Le Prince de Conty, qui a tousiours bien fait, Et le grand Duc d’Elbeuf, que l’on tient si parfait, Furent à l’assemblée, & y eurent audiance ; Et mesme y receurent beaucoup de defferance.
Les Ducs de Beaufort, de Boüillon, de Luynes Auecque de Brissaç, tous gens de bonnes mines,
Le Duc de Boüillon remonstra sagement, Qu’eux tous n’auoient aymé que le soulagement Du peuple languissant ; & bref que leurs armes N’aspiroient qu’à la Paix & non point aux allarmes. Que s’il plaisoit au Roy leur accorder ce point, Ils seroient tres heureux de n’y estriuer point.
Aussi tost Nosseigneurs lecture firent faire, Des Responces du Roy, qui touchoit cét affaire, Ainsi ils se trouuerent satisfaits & contens, Quoy que l’on fit courrir qu’ils estoient mal-contens.
Messieurs les Gens du Roy representerent en suitte, Sa Declaration, & ce qu’elle medite, Qui est que les Arrests donnez au Parlement, Et les Commissions aussi pareillement, Du Preuost des Marchands, Escheuins de Paris, Soient d’oresnauant detenus à mespris. Traittez, lettres, escrits, & encore ce qui semble Empescher le repos, soit annullé ensemble. Que personne, pour ce, puisse estre recherché, Ny vn temps aduenir luy estre reproché.
Et puis sa Majesté secondement ordonne A tous Officiers, qui sont de la Couronne, De casser les Arrests, prononcez contre nous, Et lettres de cachet : & qu’on en soit absous.
Dauantage, il entend que chacun dans son bien, Rentre licitement, sans qu’il luy soit dit rien ; Qu’on viue desormais auecque asseurance, Ioüissant de la Paix, qui est nostre esperance.
Que tous les gens de guerre que l’on auoit leuez Pour les Princes & Seigneurs seront licentiez : Excepté seulement ceux que sa Majesté, Pour se seruir aura prés de luy arresté.
Que tous les prisonniers pris pendant cette guerre Auront la liberté, tant sur eau que sur terre. Et plusieurs autres articles, qui seroient ennuyeuses De rapporter icy n’estant pas curieuses.
Ie reprendray mon fil qu’il m’a fallu laisser, Et en continüant, pour ne te point lasser, I’entendis murmurer le commun populaire : Qui se resioüissoit pour vne bonne affaire, Ie m’enquis que c’estoit à vn de mes voisins, Qui venoit du Palais ; Nous voylà tous cousins, Me dit-il, en riant, Certes la Paix est faite, Bien bonne, bien concluë & sans estre imparfaite ; Toutes ses qualitez y sont tres-largement, On donne aux Soldats vn prompt deslogement Des enuirons d’icy ; comme des autres lieux ; Par ma foy, mon voisin, cela me rend joyeux. On dresse du Canon en la place de Greve, Allons voir, s’il vous plaist, si cela ne vous greve ; Nous beurons choppinette à la santé du Roy ; Ie sçay où est le bon, c’est chez Monsieur Darroy.
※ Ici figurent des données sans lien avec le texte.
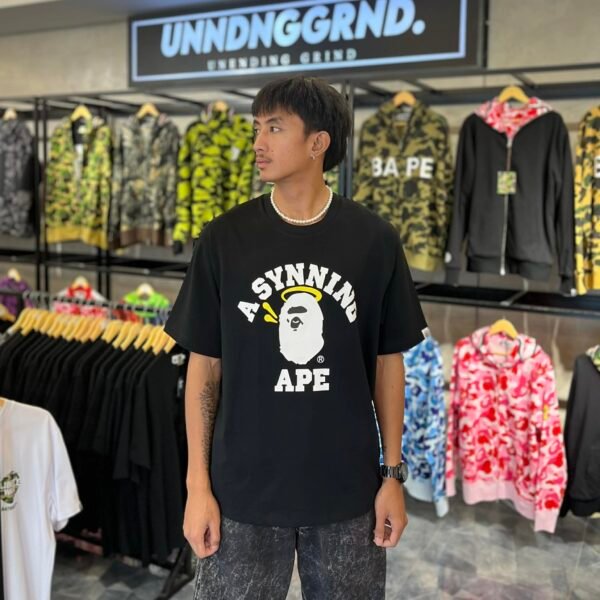 BRANDNEW BAPE x SPOTIFY x SYNA By Central Cee College Logo Relaxed Fit Black Tee (Large)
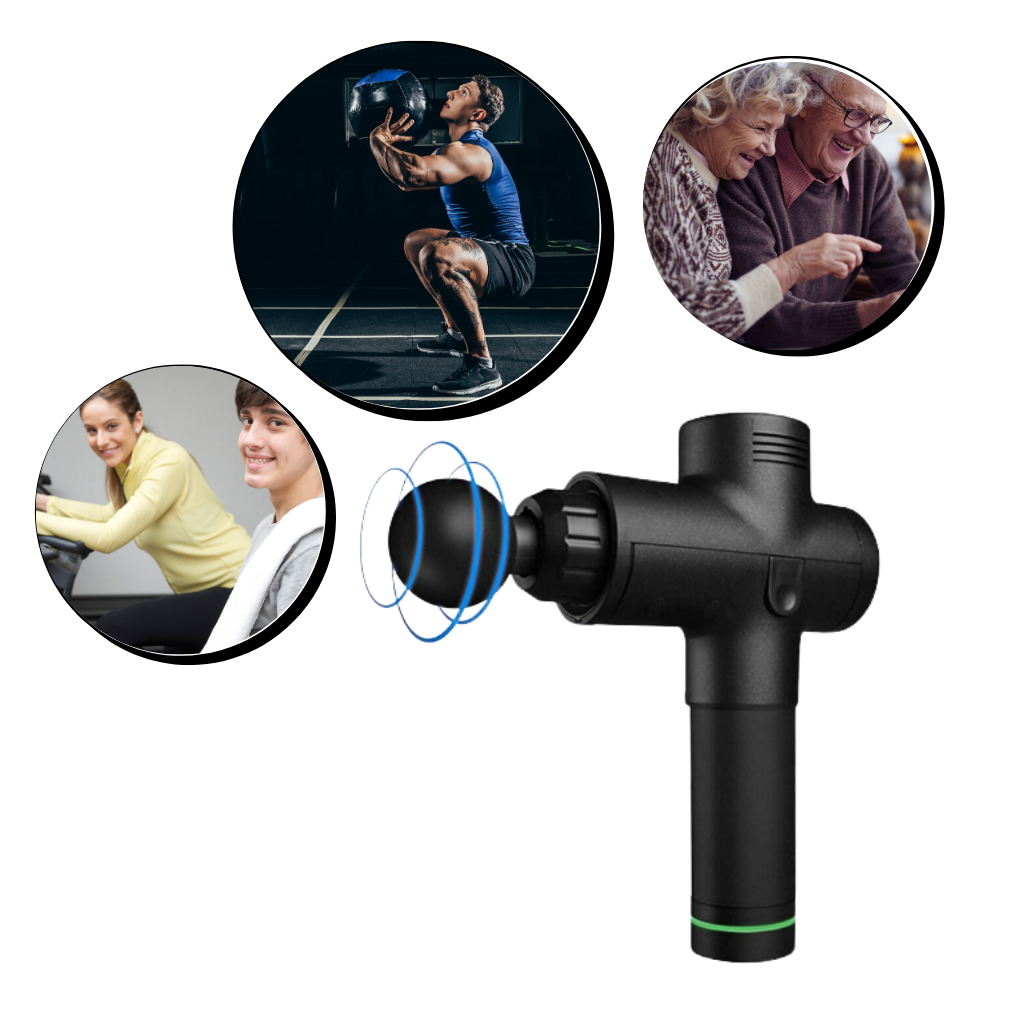 Pistolet de massagem Homedics de múltiplas velocidades para relaxamento muscular, com detalhes visíveis e design ergonômico.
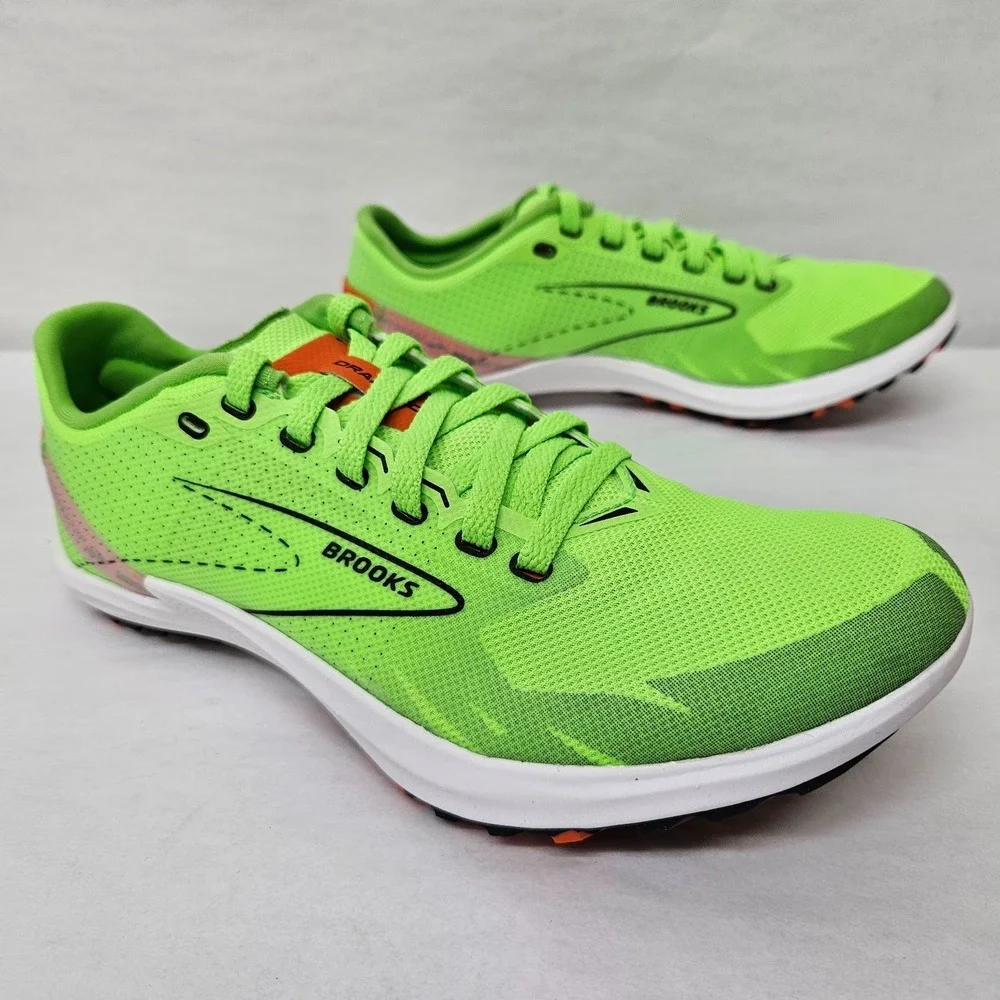 Brooks Draft XC Racing Spikes 1000391D308 Green Gecko Red Orange Women Size‎ 6.5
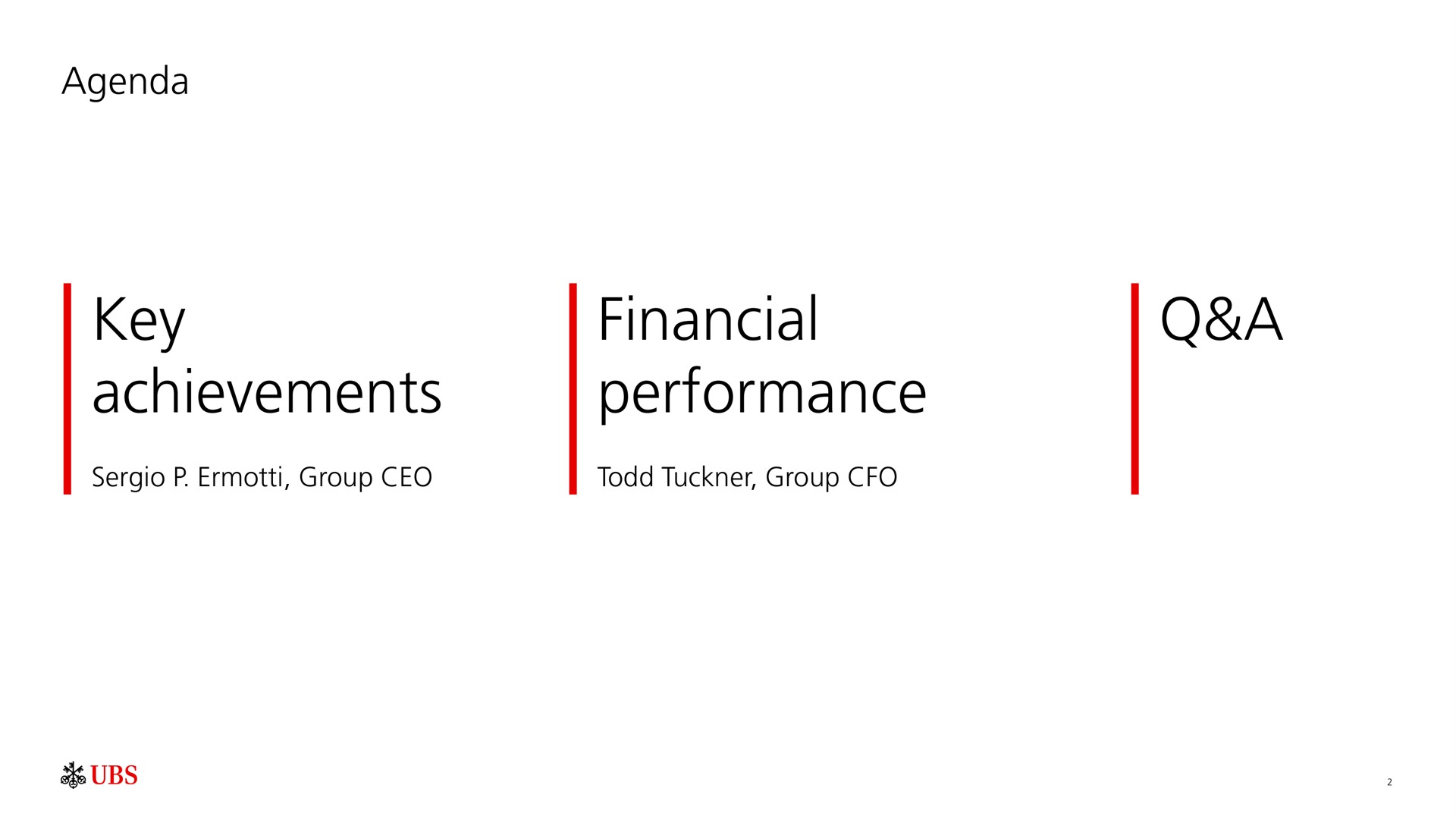 agenda key achievements financial performance a | UBS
Ie fus lors si rauy d’entendre ce discours, Que ie creus que ma vie alloit laisser son cours : Car ie n’esperois pas vne telle nouuelle. Pour reuenir à moy, mon ame ie r’appelle, Et luy dis, mon voisin, allons donc vistement, Voir ce bel appareil, c’est mon contentement :
Voilà ce que nous vismes en allant à la Greve, De conter ce voyage, il faut donc que i’acheue. Nous croyons y trouuer quantité de Canon, Il n’y en auoit point, ie le dis tout de bon, I’y vis bien vne place pour y tirer des boëtes, Qui a donné sujet à beaucoup de Poëtes, De chanter les loüanges de nostre puissant Roy, A cause qu’il nous a tous osté hors d’esmoy. Le soir estant venu, on fit des feux de joye, De boire à qui mieux mieux tout le monde s’employe. Allons donc mon voisin, vous estes soucieux, Ie vous porte ce coup de vin delicieux, A la santé du Roy : Ie vous feray raison, Ne deusse-je porter vn double à la maison.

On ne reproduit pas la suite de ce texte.